To provide a perspective, the human race has evolved in a tiny fraction of time given the solar system is only 4.6 billion years old. Only in the past hundreds of years has modern astronomy developed and then seen the vast extent of the universe and started to discover what else is actually out there.

Despite the small chances of finding extra-terrestrial life, a recent survey completed by YouGov  yielded interesting results. In it 56% of Germans, 54% of Americans and 52% of people from the United Kingdom believe that alien life exists somewhere else and could be capable of communication. However, the respondents are also wary about our reaching out to any intelligent life that might be detected elsewhere;  33% of UK residents said a digital message shouldn’t be sent compared while 46% agreed we should try and reach out. We don’t know what the alien life might look like or how it would respond.  We can only hope it doesn’t take the form of the creatures from Alien or even Mars Attack, but why are extra-terrestrials always portrayed as Earth stealing, resource taking, civilisation destroying monsters, of course with the exception of E.T and the Boov from Home?! However, for those worried about a world destroying civilisation that we might detect on KIC 8462852, it is worth noting that the star is 1500 light years away, so the light has taken that long to travel to the Earth.  It is a long way away!

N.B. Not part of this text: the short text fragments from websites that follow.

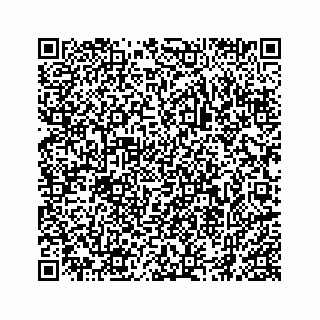 vCard 74966383138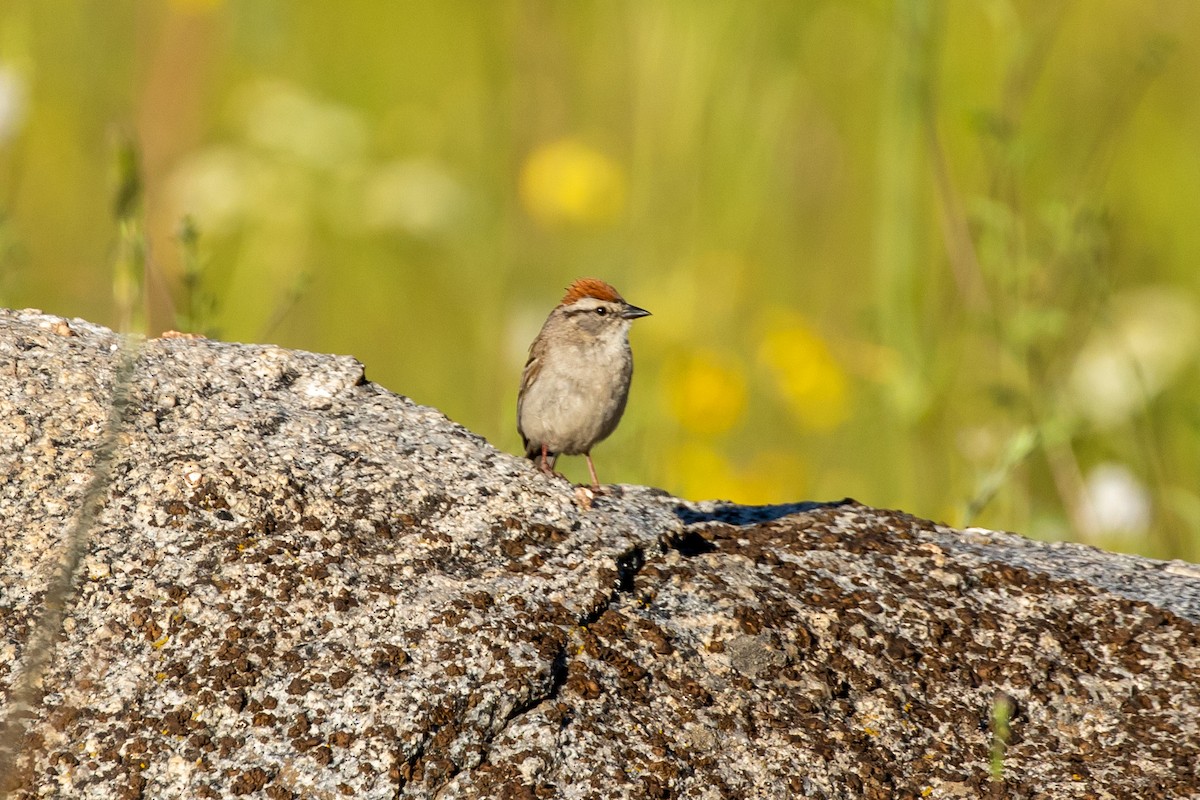 Chipping Sparrow - ML167376501
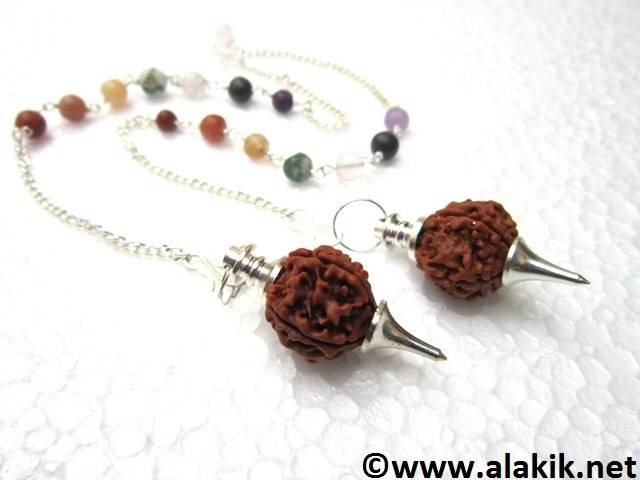 Picture of Rudraksh Pendulum with Chakra Chain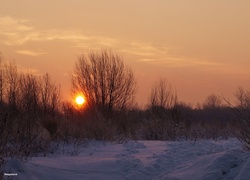 Zima, Śnieg, Wschód Słońca, Drzewa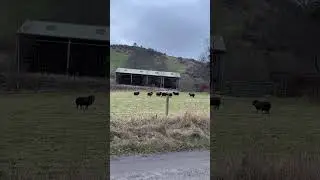 Cute funny sheep playing
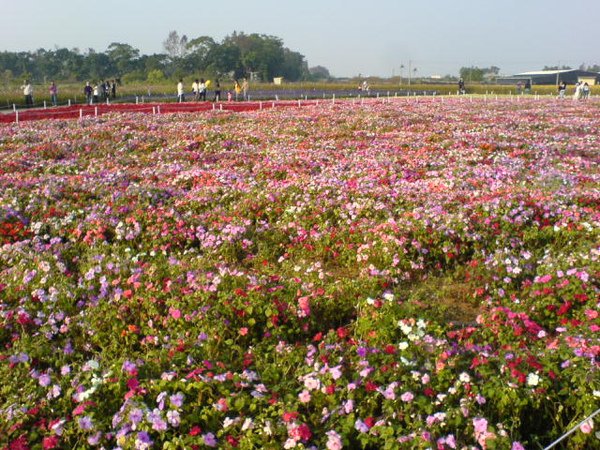 20091208千樺花園15
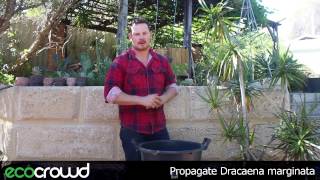 How to Propagate Dracaena marginata [upl. by Saire460]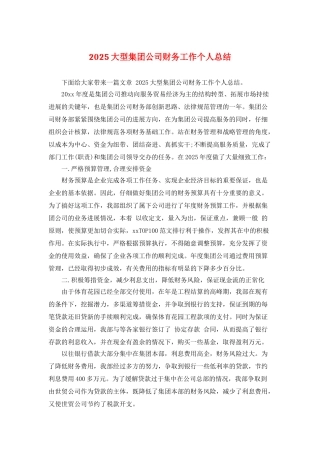2025大型集团公司财务工作个人总结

Artist’s concept of your stereotypical Alien.

 

Can you get any scarier than the Xenomorph from the critically acclaimed film Alien?

 

Enrico Fermi – Italian Physicist and creator of the world’s first nuclear reactor. Born 1901, died 1954

So if there is a chance of life on another planet then why have we not come across it yet? This is known as the Fermi Paradox after physicist, Enrico Fermi who argued that, if extra-terrestrial civilisations existed, a portion of these would have developed the technology to colonise other planets. Some civilisations by now would have had enough time to disperse through the Galaxy. However there is no clear sign of any of them out there?! So this suggests that maybe there aren’t actually any other advanced civilisations in the Galaxy?  Maybe they have been destroyed by asteroid impacts, or even through through war or by degrading their environments to render them uninhabitable.

So far scientists have found 21 potentially Earth sized habitable planets outside our Solar System.  One, in particular, Kapteyn B is around 11.5 billion years old, twice the age of the Earth.  So, theoretically, it easily has had enough time for life to form and then develop interstellar travel.   Yet Kapteyn B is only 13 light years away from the Earth, and we have no evidence that it does harbour intelligent life.

It’s a strange thought to think that somewhere in the Universe there may be another life form in a galaxy, in a solar system and/or on a planet, perhaps wondering if there is intelligent life elsewhere.  With further research one day we might discover that civilisation, an event which surely would then become the most important scientific discovery to be ever made?!